RAY SUAREZ: And what about Professor Ajami’s point that the Kurds having a big influence in the new assembly is probably a good thing given the way Iraqi politics are breaking out, and his confidence that they’ll be able to accomplish all the business they need to do during the year of 2005?
VALI NASR: Well, we hope that that will come to pass. And there is no doubt that the Kurdish influence is good in many regards for Iraq, also along the lines that he mentioned namely putting pressure on Arab nationalism. That is something also that Iran welcomes that Iraq does not go back to a Sunni-led Arab nationalism.
But the key question is whether the parliamentarians will act at parliamentarians trying to represent popular political programs and trying to reflect socioeconomic demands or whether they will act as representatives of just ethnic demands — that the Kurds will look to maximize power for the Kurds and the Shiite in the South for the Shiites. That may well still work for Iraq but it will make for a very different kind of Iraq with a very different balance of power than the one that that country has been used to.
RAY SUAREZ: Professor Ajami, what about that idea that this is a very stiff assignment for a political class that’s still very new and untested?
FOUAD AJAMI: Well, but that’s it. As they say of the longest journeys they must begin somewhere. This is just the first step toward a democratic Iraq, toward a federal Iraq, toward a secular Iraq, toward an Iraq that’s not filled with terror and mass graves. I mean, this is a break for the Iraqi people. And one should just give it time. One should trust in the willingness and the ability of the Iraqi people to draw a line for the Iranians.

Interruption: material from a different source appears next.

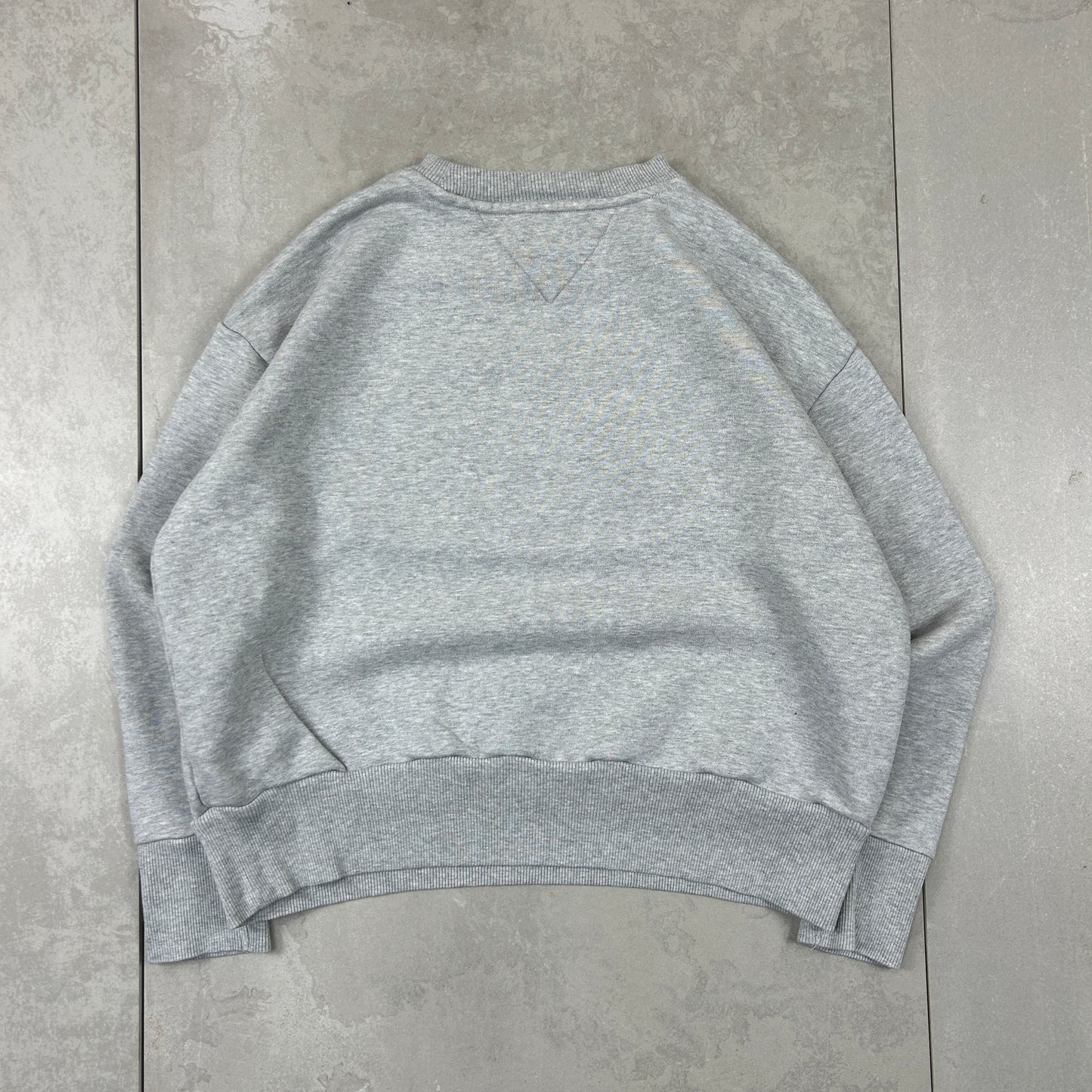 Vintage Tommy Jeans Hilfiger Embroidered Spellout Boxy Cropped Sweatshirt - S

I’m not worried about Iran dominating Iraqi politics. The Iraqi body politic will put Iran and the clerics and the example of Iran at the distance. None of the Iraqi leaders I know believe that Iran is a great example for Iraq to follow. Indeed, they have a different idea of Iraq. And so from the Shia leaders, from the Kurdish leaders and from the Sunni leaders who understand that their community must now forsake hegemony and participate in an open Iraq, they all understand the magnitude of the challenge and the difficulty of it.
RAY SUAREZ: and Professor Nasr, some of the men who had been expected to be big players in a new Iraq, Adnan Pachachi, Ahmed Chalabi, Iyad Allawi, are they yesterday’s men after these votes have been counted?
VALI NASR: Well not necessarily. But one of the things that Dr. Ajami also alluded to is how do you build a government in Iraq. Whoever controls the government in Baghdad will have a position of building a political machine that can dominate politics in the future; and it really comes down to whether in the coming years those who will form Iraq’s government which are going to be largely dominated by the United Iraqi Alliance of Ayatollah Sistani are actually able to deliver to the population both on the constitutional issues and also on the issues of governance. If they are not, it is very likely that Iraqis will turn to an alternate leadership which will be coming from the men that you mentioned.
RAY SUAREZ: Professors Nasr and Ajami, thank you both.
FOUAD AJAMI: Thank you.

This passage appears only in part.